To be fair, I probably spent more time arriving at my final solution than I would've spent just using Tailwind, but it was a lot of fun!
All of my design tokens are stored in JSON files inside my config/design-tokens
folder. They look like this (for example, this is colors.json
):
{
"light": {
"primary": "188deg 84% 35%",
"secondary": "8 84% 50%",
"background": "0 0% 98%",
"surface": "188 27% 94%",
"border": "188 48% 80%",
"text": "0 0% 4%",
"fadeText": "188 12% 32%",
"shadow": "188deg 100% 18%"
},
"dark": {
"primary": "188deg 84% 28%",
"secondary": "8 84% 43%",
"background": "0 0% 4%",
"surface": "202 10% 10%",
"border": "208 27% 15%",
"text": "0 0% 98%",
"fadeText": "188 12% 70%",
"shadow": "188deg 100% 18%"
}
}
I then wrote some JavaScript functions to transform these JSON values into CSS variables and utility classes. In order to achieve this I borrowed heavily from the Tailwind codebase. I decided which utility classes I wanted (in the case of colours, something like bg-primary
or text-primary
). Here is a (shortened) example of the output using thee colors.json
tokens:
:root {
--primary: 188deg 84% 35%;
--color-primary: hsl(--primary);
}
.bg-primary {
background-color: var(--color-primary);
}
.text-primary {
color: var(--color-primary);
}
An approach I borrowed from Tailwind was how to generate helper classes. I have an array of arrays that takes a desired helper class prefix (e.g. bg
), and the corresponding CSS properties (e.g. background-color
) and values. For example - colours again:
const helperClasses = [
["text", ["color"]],
["bg", ["background-color"]],
];
I run this array through a helperClassesToCss
function I wrote, which takes the helper class prefix, appends the colour name (e.g. primary
) to the prefix, and sets the array of CSS properties to the desired value.
A walkthrough
I wanted to run through an example process from JSON to CSS and how it works - hopefully I can refer to this in the future if I ever forget how the process works.

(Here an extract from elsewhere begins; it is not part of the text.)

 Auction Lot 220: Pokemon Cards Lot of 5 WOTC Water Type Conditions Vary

To start, cssPropertiesToCss
takes an array of CSS rules and sets them to the same value
. For example:
const cssProperties = ["margin-left", "margin-right"];
const value = "16px";
const css = cssPropertiesToCss(cssProperties, value);
// css = "margin-left:16px;margin-right:16px;";
cssPropertiesToCss
uses the .reduce()
function to transform the array of properties into a string by concatenating each item in the array together.
helperClassToCss
takes the generated CSS string and wraps it with a CSS selector helperClass
.
const cssProperties = ["margin-left", "margin-right"];
const value = "16px";
const helperClass = "mx-1";
const helperClassCss = helperClassToCss(helperClass, cssProperties, value);
// helperClassCss = ".mx-1{margin-left:16px;margin-right:16px;}"
Finally, helperClassesToCss
ties everything together to make adding new classes and variants easy.

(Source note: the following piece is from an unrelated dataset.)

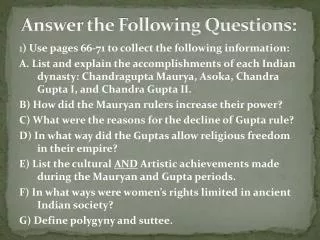 answer the following questions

const helperClasses = [["mx", ["margin-left", "margin-right"]], ["my", ["margin-top", "margin-bottom"]]];
const variant = "1";
const value = "16px";
const helperClassesToCss = (helperClasses, variant, value);
// helperClassesToCss = ".mx-1{margin-left:16px;margin-right:16px}.my-1{margin-top:16px;margin-bottom:16px}"

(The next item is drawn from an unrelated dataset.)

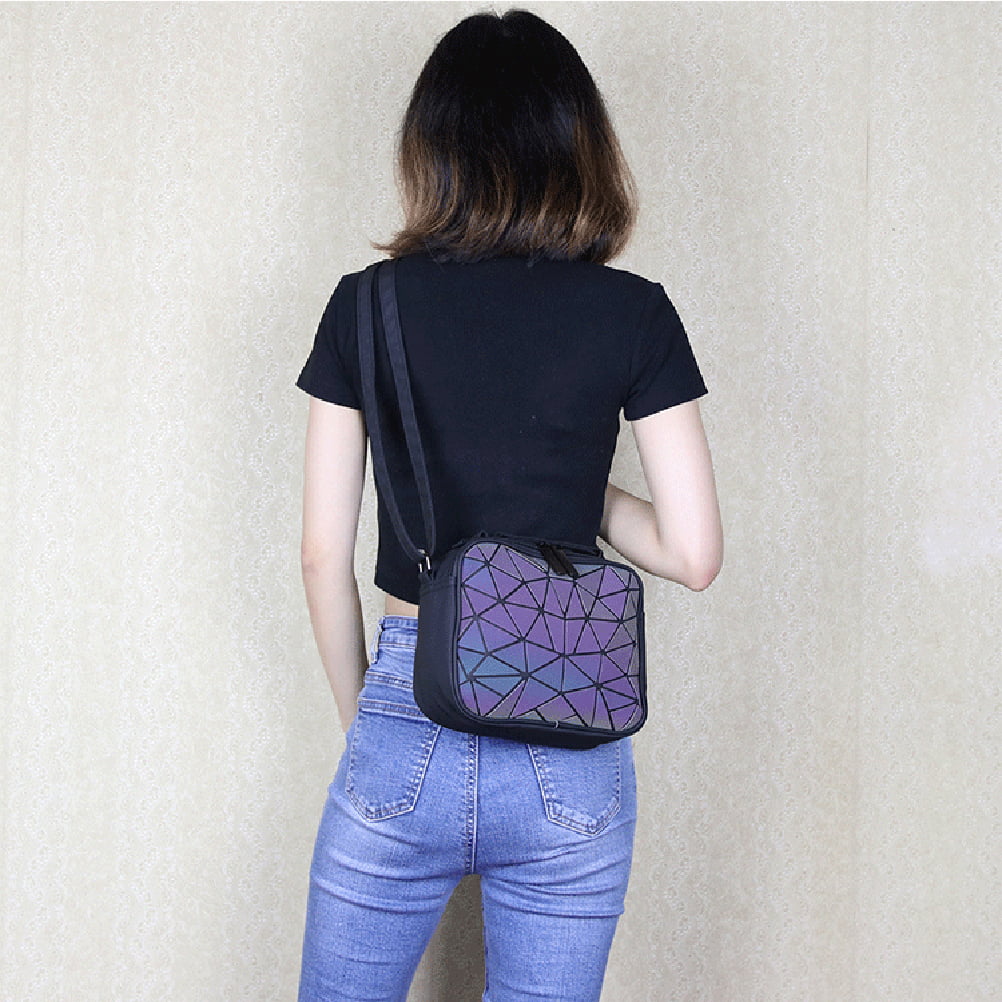 Buy Geometric Luminous sling bag for Women I Holographic Reflective sling  bag I Color changing bag with detachable chain detailing I 1pc, Big size>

It might not be the best, but it makes sense to me!
All of my code related to generating CSS from design tokens uses nothing but plain JavaScript and built-in modules (I think the only one being path
). I'll never have to worry about my build process breaking. All of my design tokens are JSON. If I ever need to tweak them, the only thing I need to change is a couple of JSON files!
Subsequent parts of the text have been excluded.